A paragone con i toni vivi e persino drammatici della svolta francese, il «day after» delle elezioni italiane ha l’aria di una tranquilla giornata primaverile. Queste elezioni europee nascondevano in Italia una duplice sfida : quella tra le coalizioni e quella dentro le coalizioni. Nel rapporto di forza tra le coalizioni non ci sono stati grandi cambiamenti. La maggioranza resta tale, ma non sfonda ed è chiaro che per Giorgia Meloni sarà difficile far passare la sua amata riforma costituzionale sia per via parlamentare sia per via referendaria. Prima rinuncerà ai suoi progetti su questo terreno (progetti confusi e generatori di confusione) e meglio sarà per tutti.
La battaglia in seno (rispettivamente) alla maggioranza e all’opposizione si è rivelata, la sera del 9 giugno, non meno interessante di quella tra i due campi.
In seno alla maggioranza di Palazzo Chigi si rafforza il legame tra Giorgia Meloni e Antonio Tajani. Il partito della prima (Fratelli d’Italia) ha ottenuto alle europee il 28,8 percento, confermandosi cosi la principale forza politica nazionale. Il partito di Tajaini, Forza Italia, sale dall’8,8 al 9,6 per cento e supera una Lega in caduta libera, precipitata al 9 per cento dal 34,3 del 2019. L’estremismo, la xenofobia e la demagogia di bassa lega non hanno certo aiutato Salvini ad affermarsi come seconda forza della coalizione di governo. L’altro grande sconfitto di queste elezioni europee in Italia è stato Il Movimento 5 Stelle (M5S) di Beppe Grillo, oggi guidato da quel Giuseppe Conte che fu alla testa (2018-2019) del governo composto da Lega e M5S. Si direbbe che la memoria degli italiani ha castigato i due partiti che hanno formato sei anni fa uno dei governi più disastrosi dai tempi dell’eruzione che distrusse Pompei (e che peraltro non fu causata dal governo dell’epoca). Giuseppe Conte voleva guidare l’insieme delle opposizioni al governo di Giorgia Meloni sognando di riprendersi in mano l’Italia. La sera del 9 giugno ha capito di aver perso la sua sfida, mentre il PD, guidato da Elly Schlein, supera il 24 per cento e si afferma chiaramente come principale rivale del tandem Fratelli d’Italia-Forza Italia, che dirige la maggioranza governativa di destra. Resta da dire una parola sul suicidio politico delle forze più apertamente europeiste (guidate rispettivamente da Renzi e Calenda), che restano fuori dal Parlamento europeo perché non sono state capaci di far prevalere l’interesse comune sulle rivalità reciproche. Nessuna delle due ha superato il quorum del 4 per cento, che in Italia garantisce il biglietto per Strasburgo. Anche questa è una lezione per il futuro. I bei discorsi servono a poco se non c’è una seria volontà politica.

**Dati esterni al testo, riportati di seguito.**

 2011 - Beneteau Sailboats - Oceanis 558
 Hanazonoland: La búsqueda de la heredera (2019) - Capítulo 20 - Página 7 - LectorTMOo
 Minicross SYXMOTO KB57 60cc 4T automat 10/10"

Infine qualche parola su un problema gravissimo. Le elezioni italiane hanno evidenziato un calo della partecipazione rispetto alla serie delle precedenti europee, che si svolgono a suffragio universale dal 1979. È tristissimo constatare che meno della metà degli elettori italiani ha fatto lo sforzo di recarsi ai seggi. Il vero problema della nostra democrazia è proprio lì : nella disaffezione per la politica, che si trasforma a una rinuncia a partecipare alle scelte collettive. La politica perde il suo significato se perde il proprio legame con i cittadini. La libertà è partecipazione. Se non c’è partecipazione, ci sarà sempre meno libertà. Non dimentichiamoci l’ultima scena di un bellissimo film che abbiamo tutti quanti visto recentemente: « C’è ancora domani », di Paola Cortellesi.